Türk milletinin istiklal ve istikbali hiçbir zaman “nasılsa birileri bizi kurtarır” rehavetine teslim edilmemiştir.
Tarih, milletin kendi azmi ve kararlılığıyla yazdığı kahramanlık destanlarıyla doludur. Ancak bugün, bir kesimin sürekli olarak "devleti koruyan görünmeyen muhafızlar" hikayesiyle Türk milletinin direncini baltaladığına şahit oluyoruz. Bu söylem, milletin iradesini pasifize eden bir uyuşturucudan farksızdır.
Mustafa Kemal Atatürk, Milli Mücadele'yi başlatırken milletine güveniyordu. İşgal altındaki Anadolu'da, "Nasıl olsa birileri gelir bizi kurtarır" diyenlerin değil, “Bağımsızlık benim karakterimdir” diyenlerin sesine kulak verilmişti.
Şimdi soruyorum: Eğer Atatürk o harekete öncülük etmeseydi, hangi hayali güç emperyalizmi durduracaktı? Ve milletin desteğini almadan Atatürk başarılı olabilir miydi?

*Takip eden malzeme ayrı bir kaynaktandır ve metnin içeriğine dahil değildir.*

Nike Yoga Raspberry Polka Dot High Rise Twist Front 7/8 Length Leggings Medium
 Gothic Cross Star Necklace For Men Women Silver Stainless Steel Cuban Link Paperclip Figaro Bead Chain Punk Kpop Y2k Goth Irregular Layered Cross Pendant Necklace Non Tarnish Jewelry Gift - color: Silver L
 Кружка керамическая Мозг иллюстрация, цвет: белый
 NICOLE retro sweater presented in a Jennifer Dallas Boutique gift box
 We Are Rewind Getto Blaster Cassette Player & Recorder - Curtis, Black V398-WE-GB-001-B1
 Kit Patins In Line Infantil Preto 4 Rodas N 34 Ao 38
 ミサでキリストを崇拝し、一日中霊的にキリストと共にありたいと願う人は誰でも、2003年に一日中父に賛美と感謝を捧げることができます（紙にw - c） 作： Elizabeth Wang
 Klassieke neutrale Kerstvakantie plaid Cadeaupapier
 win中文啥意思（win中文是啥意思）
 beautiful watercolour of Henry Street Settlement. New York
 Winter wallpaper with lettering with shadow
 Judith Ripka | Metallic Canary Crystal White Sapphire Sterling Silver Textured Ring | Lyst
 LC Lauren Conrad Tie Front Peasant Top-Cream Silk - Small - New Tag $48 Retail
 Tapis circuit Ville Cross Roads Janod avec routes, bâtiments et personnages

Bugün “Türk kelimesini Anayasa’dan kimse çıkaramaz, bu millet buna izin vermez” diyenler var. İyi de güzel kardeşim, madem bu millet her zaman bu kadar teyakkuzdaydı, Ergenekon kumpasında devletin subayları cezaevinde çürütülürken neredeydiler? Hayalet gibi bu ülkenin kahraman evlatları cezaevinde şehit edilirken neredeydi bu babayiğitler? Tabelalardan “TC” ibaresi sökülürken bu milletin fedaileri neden görünmedi? Çözüm sürecinde hendekler kazılıp Güneydoğu’daki şehirlerimiz bölünmeye sürüklenirken, Oslo’da gizli pazarlıklar yapılırken “bu millet izin vermez” masalı nerelerdeydi?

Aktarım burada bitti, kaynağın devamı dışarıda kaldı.